Today I shall dump on you the myriad ways people have irritated me this past week.
I really want to scream "READ THE FREAKIN' SIGN!" when I go to drop off my recycling and find this:
That sign there... It says, "NOTICE RECYCLABLES ONLY NO TRASH NO DUMPING Violators will be prosecuted."
I say prosecute! This church very kindly collects tons of recycling for those of us who don't have roadside service. Each and every week, people leave things that are most certainly not recyclable. These people take advantage of the church's kindness, and they are going to ruin it for everybody.
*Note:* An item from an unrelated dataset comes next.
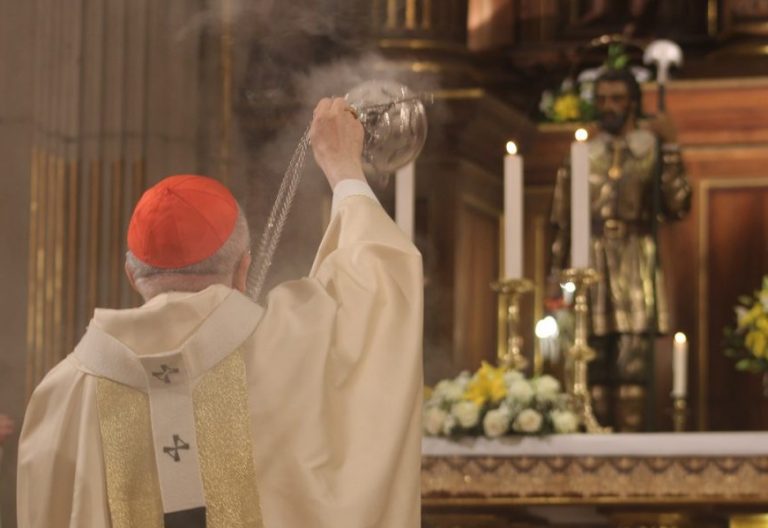 El cardenal Osoro inciensa la imagen de san Isidro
I also really want to scream, "I DIDN'T DO ANYTHING WRONG!" to the bus driver who honked at me and gave me the dagger eyes. Well, I did yell it, but only my kids heard me. Someone needs to tell her that if she wants me to stop for her to let kids off the bus (which I really want to do! I am a rule follower!) she needs to give me time to do it. The entire time I was on that street facing her, she sat there with no lights on. A whole line of cars drove past her. Just as I came up even to the front of the bus, she threw on the yellow lights and within a nanosecond threw on the red. A 12-passenger van cannot stop on a dime, and a bus driver really should know that! If she would have turned the yellow lights on sooner, I totally would have stopped. I'm the one who should have been honking and giving dagger eyes.
Oh, and this one really burned me. As Turken was doing his homework, I wanted to scream, "IF YOU ARE GOING TO WRITE STORY PROBLEMS FOR A KIDS' MATH CURRICULUM FOR A LIVING, DO SOME FREAKIN' RESEARCH!"
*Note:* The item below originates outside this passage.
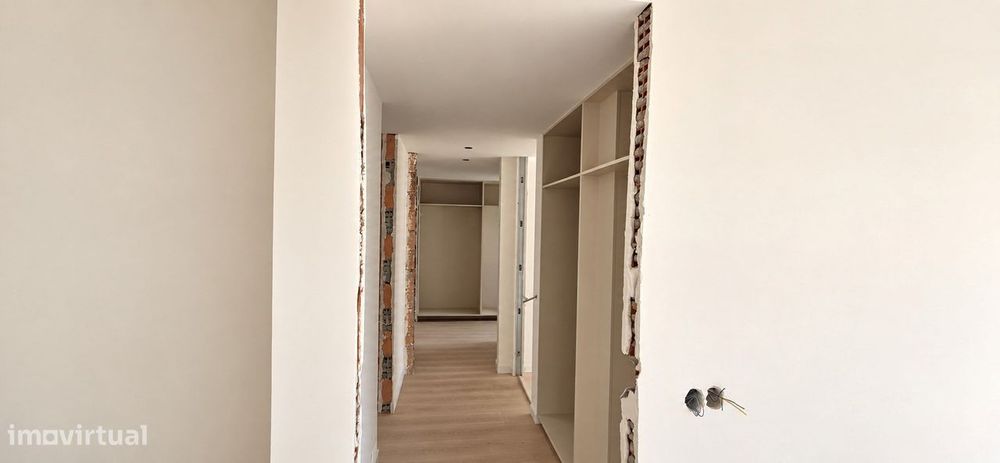 T2 Novo com Varanda e Garagem em Nogueira, Braga | 359.000 €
This was one of his math problems tonight:
For those who don't have their glasses handy, it reads, "A hen laid 2 eggs yesterday and 3 more today. How many did she lay altogether?"
Now every single kindergartener, teacher, and parent who reads this math book (and doesn't raise chickens) will have it in his head that it is not only possible, but normal for a chicken to lay multiple eggs each day.
Let me make it abundantly clear, hens cannot lay 3 eggs in one day. It would be a rare day indeed for a hen to lay 2. I told Turken to tell his teacher this fact, albeit with a less shrill voice.
The only reason I didn't call the publisher is because I got distracted by the adorable picture Turken drew of the chicken laying those impossible eggs.
You know what I also want to scream out loud? (of course you do!) To the soccer club, I want to yell, "YOU ARE NUTS IF YOU THINK I'M GOING TO RUIN OUR DAY RUNNING KIDS TO ALL OF THIS CAMP NONSENSE!!"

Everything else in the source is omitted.